INFORMATION PROVIDED —
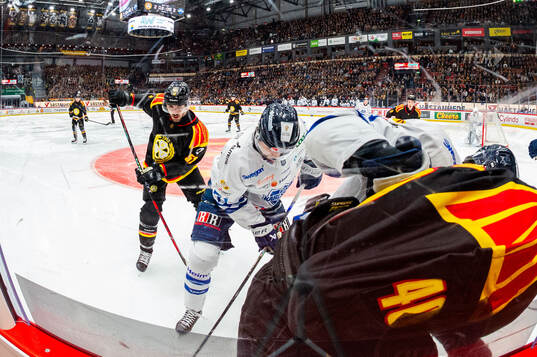 Brynäs Jack Kopacka och Karlskogas Eskild Bakke Olsen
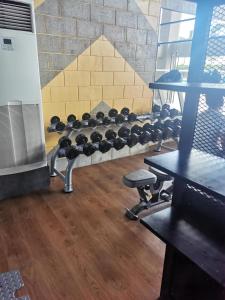 Palestra o centro fitness di Baseline Premier - Studio with mountain view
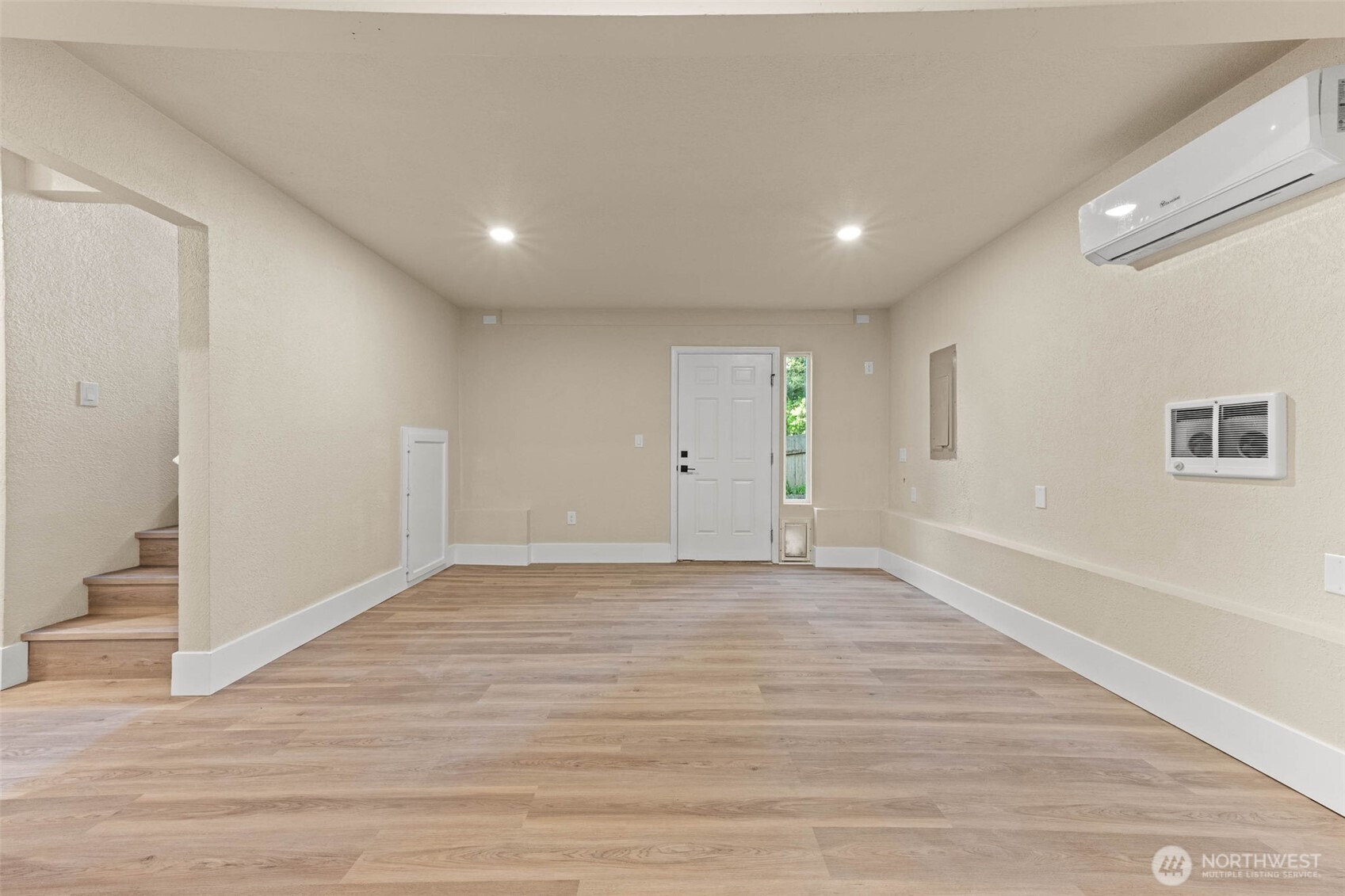 136 Rainier Acres Road SE, Rainier, WA 98576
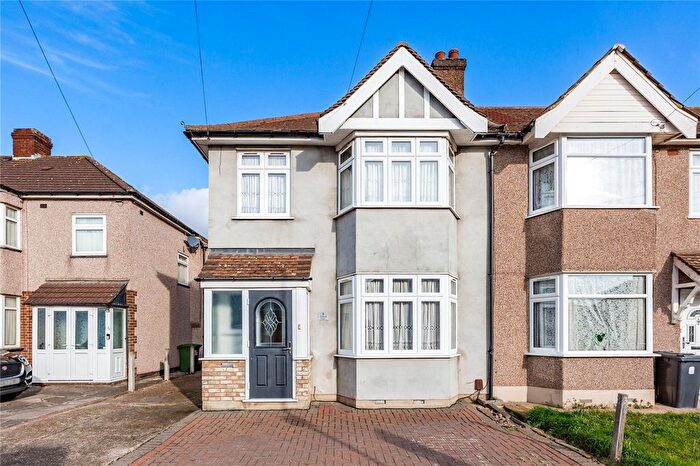 3 Bedroom Semi Detached House For Sale In Anstead Drive, Rainham, RM13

EXERCISE DIRECTIONS —
Give back word for word the lines from the one containing "Palestra o centro" through the final line of the data above. Pictures are to be left out.

RESPONSE —
 Palestra o centro fitness di Baseline Premier - Studio with mountain view
 136 Rainier Acres Road SE, Rainier, WA 98576
 3 Bedroom Semi Detached House For Sale In Anstead Drive, Rainham, RM13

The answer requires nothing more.